You can see that there are various attributes you can inspect on your evaluator’s result in order to ascertain what’s going on behind the scenes. To get a quick binary True/False signal as to whether your LLM is producing relevant results given your context, inspect the .passing attribute.

Let’s see what happens when we send a totally out of scope query through your RAG app. Issue a random query you know your RAG app won’t be able to answer, given what’s in your index:

query = "Why did the chicken cross the road?"
response = query_engine.query(query)

>>> "I'm sorry, but I cannot answer that question based on the given context information."

# Evaluate
eval_result = evaluator.evaluate_response(query=query, response=response)
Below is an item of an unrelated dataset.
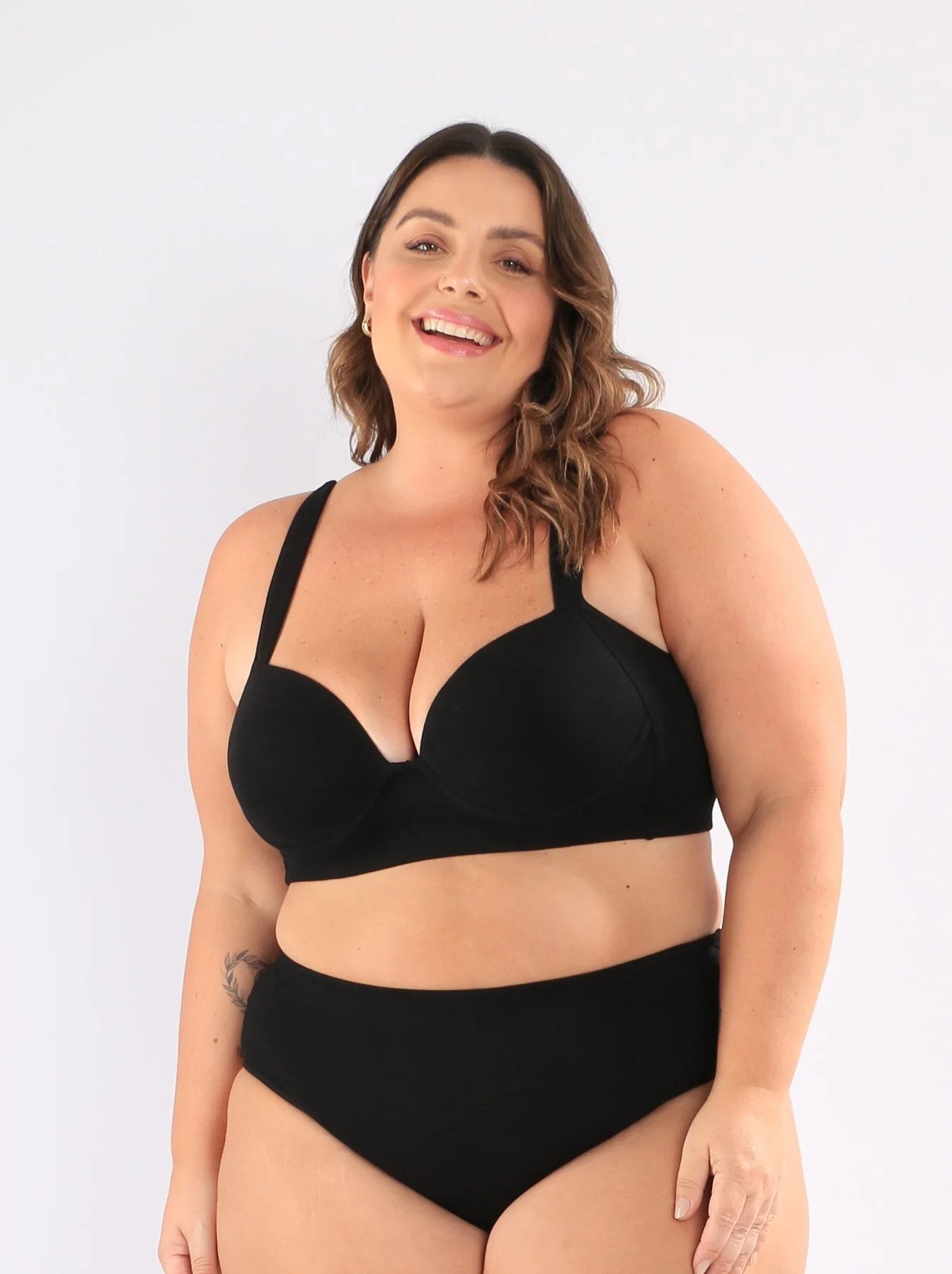 modelo com sutia confor com bojo de cor preta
>>> False  # Our LLM is not taking our context into account, as expected :)

As expected, when you send an out-of-scope question through your RAG pipeline, your evaluator says the LLM’s answer is not relevant to the retrieved context.


As you have seen, LlamaIndex is a powerful framework to use when building semantic search and RAG applications – and we have only gotten to the tip of the iceberg! Explore more on your own and let us know how it goes.